Page 1 of Catch Me (Becoming Us #4)
Travis
Eight years Ago
“Travis!” Dad called.
I ignored him. All I wanted to do was find a place alone. I was a wreck, and I didn’t want him to see me cry. He’d shame me for it, ridicule me just like they did at this fucked up camp.
This place was wrong.
It was evil .
I told him there was nothing wrong with me, that it didn’t matter if I was gay. He didn’t listen. He never fucking listened to me.
It wasn’t just the anger I felt toward my dad. There was guilt building inside of me, and it was so powerful that I didn’t know if I’d stay on my feet long enough to outrun him. Everything that happened today was my fault.
I remembered what Sen had looked like during our ‘punishment.’ When his parents showed up, the broken look on his face made me want to beg him for forgiveness. At the same time, I wanted to jump to my feet and punch his dad in the face because he’d slapped Sen. All because we were gay .
When I couldn’t walk anymore, I ducked behind a tree and dropped into a crouch.
My fingers tightened in my hair as I hung my head.
I thought about ripping all of it out. I was the one who’d talked to the counselor about the kiss between us.
I refused to see it as wrong like they wanted me to.
They weren’t supposed to be able to share what I said with anyone, but it was na?ve to think they’d give a shit about that.
I ruined everything. I broke Sen more than he already was. He was so sweet and full of sunshine. He was just a year and a half younger than me, and I’d wanted to make sure he made it through this, but I just made it worse.

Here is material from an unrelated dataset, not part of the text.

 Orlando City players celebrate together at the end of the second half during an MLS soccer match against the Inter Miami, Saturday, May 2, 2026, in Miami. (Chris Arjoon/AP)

With a yell, I stood and slammed my fist into the tree. It split my knuckles open, but I did it again, then again. When I was at serious risk of doing permanent damage, I banged my palm against it.
“Trav!” Dad shouted.
Footsteps behind me made me want to turn around and hit him instead, but I couldn’t bring myself to do it. It’d just make everything worse. Hadn’t I done enough damage in this cursed camp already?
“God, let me see your hand.”
I shook my head and cradled my throbbing fingers to my chest. Even if I wanted to get words out, I couldn’t.
Tears were streaming down my face, and my throat was tight.
I hit the tree again, and strong arms came around me from behind.
No matter how much I tried to shake him off, he held on.
When my exhaustion caught up with me, I collapsed.
He lowered me to the ground and kept his arms around me.
Eventually, I let myself lean back against his chest as I fell apart more wholly than I ever had.
“I hate you,” I cried.
“Travis . . .”
Tears raced down my cheeks, my sobs barely allowing me to pull in air. “I hate you. Who does this to their kid? Who the fuck does this, Dad?”
“Come on. Let’s get out of the woods before the sun goes down.”
“I don’t want to...I don’t want to go back. I can’t.”
“We’re not going back. ”
His words made me sit up and turn around. My eyes were heavy, and the tears made my vision blurry, but I thought he looked serious.
“Really?”
“Travis, I don’t know how, but me and you are gonna move forward. I shouldn’t have sent you here. What they did...” His brow furrowed. “We’re going home.”
“I can’t change,” I whispered. “Here, at home, it doesn’t matter.”
He let out a heavy breath. “We’ll figure it out.”
“No, I can’t—”
“What I mean is that we’re gonna figure out how we fix what’s happened. This was my mistake, and I don’t know what I can do, but I want to try...I want to try to understand you, ’kay? If this is what they do to fix you, I think maybe they’re the ones who are broken.”
My nostrils flared, and I couldn’t stop more tears from escaping. “You don’t want me to change?”
“I don’t know how to feel about you being...” He shook his head. “But I love you, Trav. If we have to see someone and work through things, we’ll do that. You’re not staying in this godforsaken place.”
“My friend. He’s not okay.”
He studied me for a minute. “I can’t do anything about that.”
“We have to. Please, Dad.”
“I can talk to Mr. Taylor, but what they do with their kid isn’t up to me.”
Even though I hated it, I nodded. He stood and offered me his hand, then headed back the way we’d come.
I didn’t stop thinking about Sen for a long time. He’d still pop into my head once in a while. Eventually, though, it faded, just a memory of a whole different time in my life.
My life went on. But so did his. Dumont said that I killed myself rather than telling Sen the truth—that my dad did what all the other kids there prayed to God for.
Some did kill themselves, seeing no light when they peered into an imagined version of the future.
Dumont turned me into an unwilling martyr for their holy mission, and in the process, they used me to fuck Sen up more than I’d managed to in my short time there .
It was a horrifying story, but weren’t they all? None of us came out unscathed.
I’d moved on with my life, but thousands of others hadn’t. And that didn’t sit well with me.